A young Jamsetji Tata, founder of Tata, went for training to Shanghai around 1860. On my first visit in 2009, I learned that Avan Villa at 458, Wulumuqi North Road in Shanghai was owned by Bejan Dadabhoy Tata, a distant uncle of JRD Tata. As a Tata Director, I visited a subsidiary called NTACO in the Jingning Industrial Economic Zone near Nanjing, making plastic injection-molded automotive components. I also attended the inauguration of NTACO’s second unit near Changshu in 2015; and later, a third company was set up to trade in automotive components. Tata in China has annual revenues of USD 8 billion and employs thousands through Tata Consultancy, Jaguar Land Rover, TACO, Tata Technologies, and Tata International. A joint venture, Chery-JLR Automotive, manufactures cars in Changshu.
Relationships
Tibet is claimed by China to have been part of them until the fall of the Qing around 1911. Therefore, in 1950, China took over Tibet. The role of India in extricating the Dalai Lama India to India caused tension with China. In 1962, China and India fought a Himalayan war. Since then, there have been skirmishes and periodic tensions, leading up to the clashes in 2021 in the Galwan Valley. For six decades now, India and China have viewed each other with suspicion.
In 2007, Professor Tarun Khanna of Harvard Business School felt that the opening of the Nathu La pass in Tibet reactivated the world’s highest customs point for trade between India and China (China + India: The Power of Two, Harvard Business Review, December 2007).
Both nations now seem to desire longer term relationships though the terms are yet to develop. The two foreign ministers met in Kazan, Russia in 2024. The meeting was reported as “a tactical thaw rather than a strategic shift away from Sino-Indian rivalry.” (Tanvi Madan, Brookings, 29th October 2024).

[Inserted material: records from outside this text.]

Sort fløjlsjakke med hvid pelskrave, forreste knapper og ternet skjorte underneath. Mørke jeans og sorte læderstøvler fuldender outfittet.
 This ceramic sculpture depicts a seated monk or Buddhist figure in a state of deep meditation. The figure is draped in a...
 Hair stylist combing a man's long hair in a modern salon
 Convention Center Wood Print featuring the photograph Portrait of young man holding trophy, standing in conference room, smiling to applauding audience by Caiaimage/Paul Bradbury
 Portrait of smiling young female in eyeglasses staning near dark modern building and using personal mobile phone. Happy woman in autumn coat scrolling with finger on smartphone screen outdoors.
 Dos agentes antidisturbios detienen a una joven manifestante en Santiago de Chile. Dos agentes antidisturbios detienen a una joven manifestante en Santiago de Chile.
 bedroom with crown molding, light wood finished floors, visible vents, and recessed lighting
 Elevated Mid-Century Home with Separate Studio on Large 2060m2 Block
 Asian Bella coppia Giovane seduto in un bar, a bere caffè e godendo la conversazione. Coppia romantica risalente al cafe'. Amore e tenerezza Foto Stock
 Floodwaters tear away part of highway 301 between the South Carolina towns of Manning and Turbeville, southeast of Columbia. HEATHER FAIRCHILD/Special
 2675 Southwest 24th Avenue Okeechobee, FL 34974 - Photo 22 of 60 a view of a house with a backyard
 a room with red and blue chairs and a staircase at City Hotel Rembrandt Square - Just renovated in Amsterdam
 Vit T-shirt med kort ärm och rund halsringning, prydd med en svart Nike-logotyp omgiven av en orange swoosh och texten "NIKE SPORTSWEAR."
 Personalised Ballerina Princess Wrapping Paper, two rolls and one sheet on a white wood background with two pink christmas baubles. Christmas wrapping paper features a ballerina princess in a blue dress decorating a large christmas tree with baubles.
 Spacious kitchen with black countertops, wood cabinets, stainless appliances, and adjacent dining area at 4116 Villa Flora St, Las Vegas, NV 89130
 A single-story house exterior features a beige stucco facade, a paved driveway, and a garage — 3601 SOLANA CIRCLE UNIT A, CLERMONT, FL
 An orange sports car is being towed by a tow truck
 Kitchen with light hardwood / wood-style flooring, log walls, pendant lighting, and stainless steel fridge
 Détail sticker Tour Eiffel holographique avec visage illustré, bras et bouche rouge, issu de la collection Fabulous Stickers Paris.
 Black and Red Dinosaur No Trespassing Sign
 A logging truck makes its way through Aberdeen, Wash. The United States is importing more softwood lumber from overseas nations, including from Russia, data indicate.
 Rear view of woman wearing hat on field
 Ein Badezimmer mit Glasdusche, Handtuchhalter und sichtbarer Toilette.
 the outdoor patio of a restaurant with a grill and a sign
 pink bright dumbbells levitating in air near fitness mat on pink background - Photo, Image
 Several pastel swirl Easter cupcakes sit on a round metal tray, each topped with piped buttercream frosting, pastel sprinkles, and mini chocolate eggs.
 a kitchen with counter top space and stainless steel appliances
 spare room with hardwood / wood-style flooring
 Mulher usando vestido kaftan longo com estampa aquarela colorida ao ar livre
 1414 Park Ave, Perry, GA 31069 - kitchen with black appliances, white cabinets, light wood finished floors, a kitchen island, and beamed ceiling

Over thirty years, despite border tensions, trade between India and China has grown from USD 0.25 billion in the 1990s to over USD 120 billion in 2024, albeit in a very unbalanced manner.
Connections
Between 1920 and 1940, twenty-seven books were published in China based on Gandhi and Gandhiism.
In 1906, when the government of Zanzibar and East Africa enacted an Asian Ordinance, 1100 Chinese stood beside 8000 Indians to protest it. (Soumendra Banerjee, The Statesman, 10th February 2020).
At the centenary celebrations at Visva Bharati University, Tagore’s 1924 statement from his China visit was recalled, “India has been one of China’s closest relatives, and China and India have enjoyed a time-honoured and affectionate brotherhood.” (Dev Raturi, Global Times, 2nd June 2024).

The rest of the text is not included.